September 22, 2015: There is a dispute over how the State Department first came to request Clinton’s private emails.

The Washington Post notices a conflict between accounts by Clinton and by the State Department. On September 20, 2015, Clinton claimed, “When we were asked to help the State Department make sure they had everything from other secretaries of state, not just me, I’m the one who said, ‘Okay, great, I will go through them again. And we provided all of them.’”

But, as the Post describes it, State Department officials say “the request was not simply about general record-keeping but was prompted entirely by the discovery that Clinton had exclusively used a private email system. They also said they first contacted her in the summer of 2014, at least three months before the agency [formally] asked Clinton and three of her predecessors to provide their emails.” (The Washington Post, 9/22/2015

When Clinton is asked about this discrepancy, she says, “I don’t know that. I can’t answer that. All I know is that they sent the same letter to everybody.
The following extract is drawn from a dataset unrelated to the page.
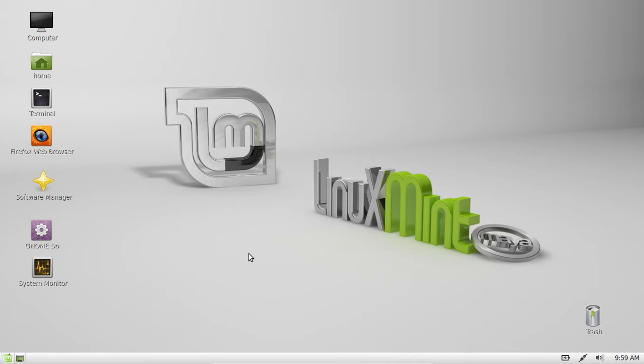G'day YouTube. Today I'm going to show you how to run as root in the Linux Mint Terminal.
That’s my understanding.” (The Des Moines Register, 9/23/2015)

September 27, 2015: Clinton denies she was trying to hide her email from investigators and the public.

Carrie Johnson (Credit: Doby Photography / NPR)

Carrie Johnson (Credit: Doby Photography / NPR)

Journalist Chuck Todd asks Clinton, “Republicans have been coming after you for years. You might have been running for president in the future. And you wanted to make it a little more difficult for congressional investigators to subpoena your government emails and a little more difficult for Freedom of Information Act [FOIA] requests. Is that it, fair theory or no?”

Clinton replies, “It’s totally ridiculous. That never crossed my mind.”

NPR justice correspondent Carrie Johnson later comments, “[T]here’s a reason she might have decided to answer that way. […] Clinton is talking to two audiences here —voters and investigators. And when it comes to avoiding subpoenas and taking steps to avoid subpoenas, lawyers will tell you there’s an important law Congress passed in 2002 after the Enron scandal. That law makes it a crime to get rid of documents in anticipation of an investigation by the Justice Department or by Congress—a crime called obstruction of justice.” (National Public Radio, 9/30/2015)

September 27, 2015: Clinton apologizes again for making a “mistake” using a private email account and server.

In an interview, Clinton says of the presidential election, “This is a contest, and it’s fair game for people to raise whatever they choose to raise… you know they’re not giving this job away. Of course I take responsibility. It was my choice. It was a mistake back when I did it, and I’m trying to do the best I can to answer all of the questions that people have.” (The Washington Post, 9/27/2015)

September 27, 2015: Clinton claims she did not have any work-related emails regarding the Clinton Foundation while secretary of state.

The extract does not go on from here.